Chapters Twenty Six and Twenty Seven
Summary
Jurgis stays on in Packingtown after the elections and now has almost three hundred dollars in the bank. His job is easy and Scully says some more work for him may turn up soon.
Jurgis asks Aniele about Elzbieta and the family and discovers they have moved downtown. He then thinks no more of them. Instead, he socializes with unmarried young ‘fellows’ and visits music halls and saloons. He dresses well now and drinks and gambles.
In May, the agreement between the union and the packers expires and a strike is imminent. Jones (the father of Freddie) wants to lower the wages from sixteen and a half cents an hour to fifteen. A referendum is called and a strike is decided in June. Jurgis visits Scully and asks for work while the strike is on. Scully suggests he works as a ‘scab’ even though he had been reported in the newspapers that very morning denouncing the packers. He said if they did not treat the workers better the city authorities would tear their plants down. Jurgis wants to be of use to him in politics, but Scully says this is not possible as he is now known as a supporter of the Republicans.

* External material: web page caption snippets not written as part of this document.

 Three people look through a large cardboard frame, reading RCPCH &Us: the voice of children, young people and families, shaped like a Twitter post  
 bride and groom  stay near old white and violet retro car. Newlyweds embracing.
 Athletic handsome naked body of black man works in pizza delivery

So, Jurgis returns to work and breaks the strike. He profits by this action and is now earning twenty five dollars a week. He is given the position of foreman as there are now many positions to fill because of the strike. Initially, he tries to be helpful but soon becomes like his former bosses and loses his temper with the workers drafted in. Strike breakers are brought in by the packers from prisons and workhouses. African-Americans are enticed from the South and young women are persuaded to come to the city as they are told they will be packing fruit.
Despite these new workers, the strike remains strong at ninety percent of the workforce. After ten days, the strike is called off and the men are told they will not be discriminated against for walking out. However, this is not the case and another strike is called when the men see they have been tricked. The newspapers report there is a ‘seething caldron of passion’, but in truth there is no more violence than usual.

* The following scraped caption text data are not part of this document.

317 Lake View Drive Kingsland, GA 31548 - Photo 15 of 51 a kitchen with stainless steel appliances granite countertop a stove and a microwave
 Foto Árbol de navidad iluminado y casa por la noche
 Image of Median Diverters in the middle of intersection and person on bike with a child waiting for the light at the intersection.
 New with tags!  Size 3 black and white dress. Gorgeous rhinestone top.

The narrative comes close to making moral judgements as we are told men and women shipped in from across the country are sleeping close together and there are many references to African-American men which are not always complimentary. There is an implied breakdown in sexual morality with these new workers. Jurgis begins to drink more as he despises himself for being an agent for trying to break the strike and rages at his men until they are exhausted. When he unexpectedly encounters Connor in the factory he beats him up once more and is arrested.

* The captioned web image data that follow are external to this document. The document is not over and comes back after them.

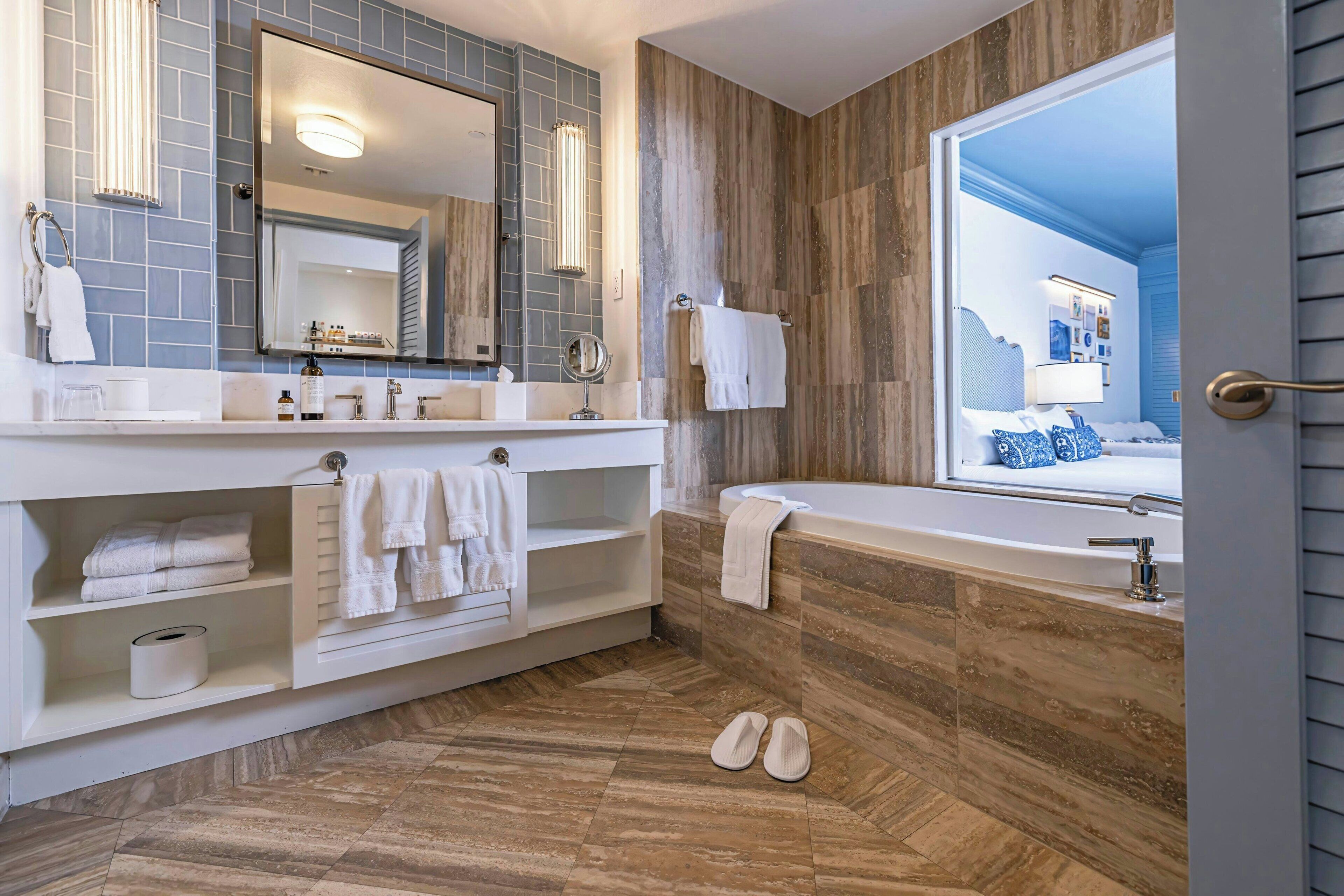 A modern bathroom with a large mirror, white vanity, and a bathtub.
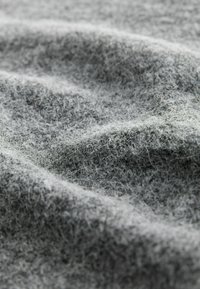 Grått ulltyg med en mjuk, texturerad yta som har fina fibrer och subtila nyansvariationer över det rynkiga materialet.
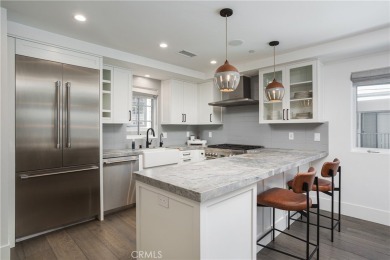 Set on a quiet street in the heart of Corona del Mar's Village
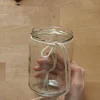 Una mano tiene un bicchiere con una corda intorno su un tavolo di legno.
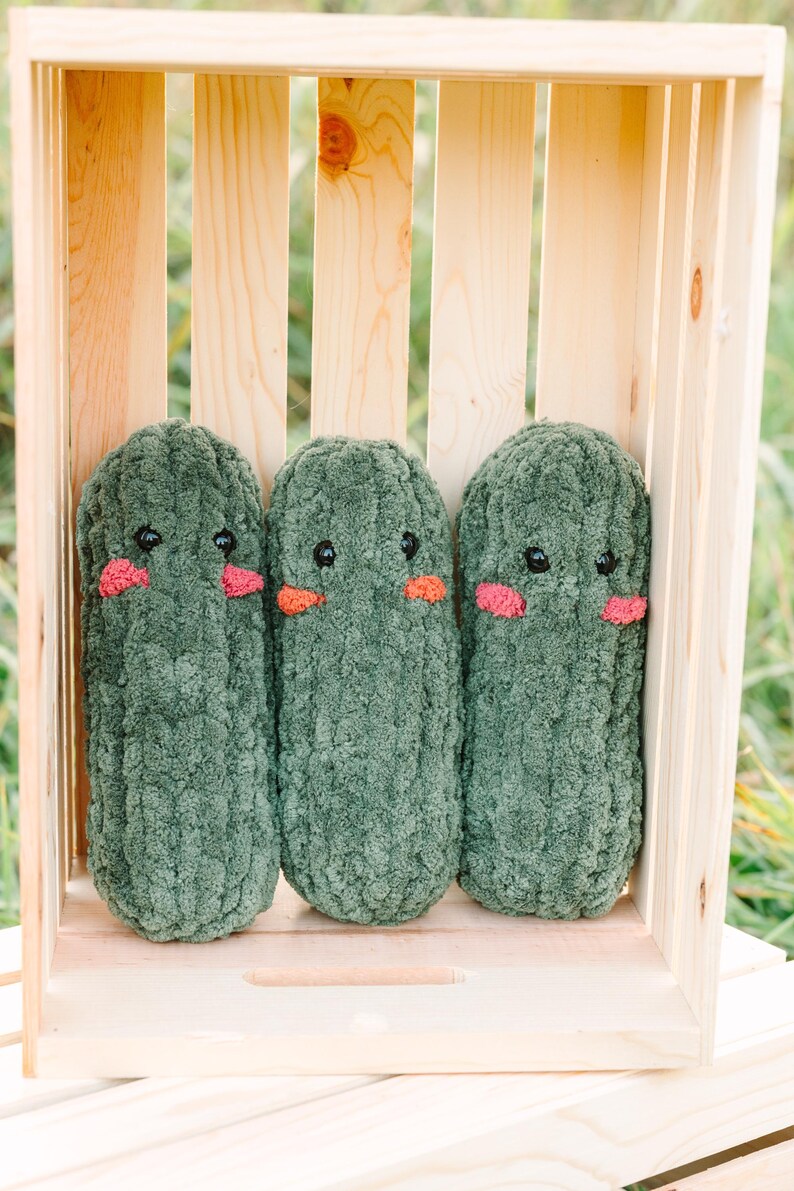 May include: Three green plush cucumber-shaped toys with embroidered eyes and pink cheeks are arranged in a wooden crate.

Harper initially agrees to help Jurgis secure the five hundred dollar bail until he realizes that Connor is ‘one of Scully’s biggest men’ and is afraid to assist in case Scully finds out. He does influence the reduction of the bail and encourages Jurgis to pay it and leave this area of Chicago. Harper’s disloyalty is emphasized as it is evident he intends to keep Jurgis’s money after he has gone.
Chapter Twenty Seven begins with the following sentence: ‘Poor Jurgis was now an outcast and a tramp once more.’ He tries to find work in factories, but there are many unemployed now as well those who are on strike. He is starving after ten days of looking for work. When he finds work in a warehouse, he is laid off as he is not strong enough to do the job and this almost breaks his spirit entirely.
Jurgis’s unhappiness is furthered as election time approaches again and he is able to contrast his previous life with his hardships now. To avoid the cold he attends a meeting which is addressed, ironically, by a Republican senator who had supported Doyle. Jurgis is thrown out, though, as his snoring is considered disruptive.
The narrative then shifts to his accidental encounter with Alena who had attended his wedding. She tells him where Marija is living and he decides to visit her. Just after being told by the person answering the door that she does not live there, the house is raided. He sees Marija then and it ensues that this is a brothel and she has been working as a prostitute. He discovers that Stanislovas has died after being inadvertently locked in a factory (he was then eaten by rats). Elzbieta works a little, but Marija is the one who mainly supports the family now. Marija has not seen Tamoszius for over a year as he went away after losing a finger.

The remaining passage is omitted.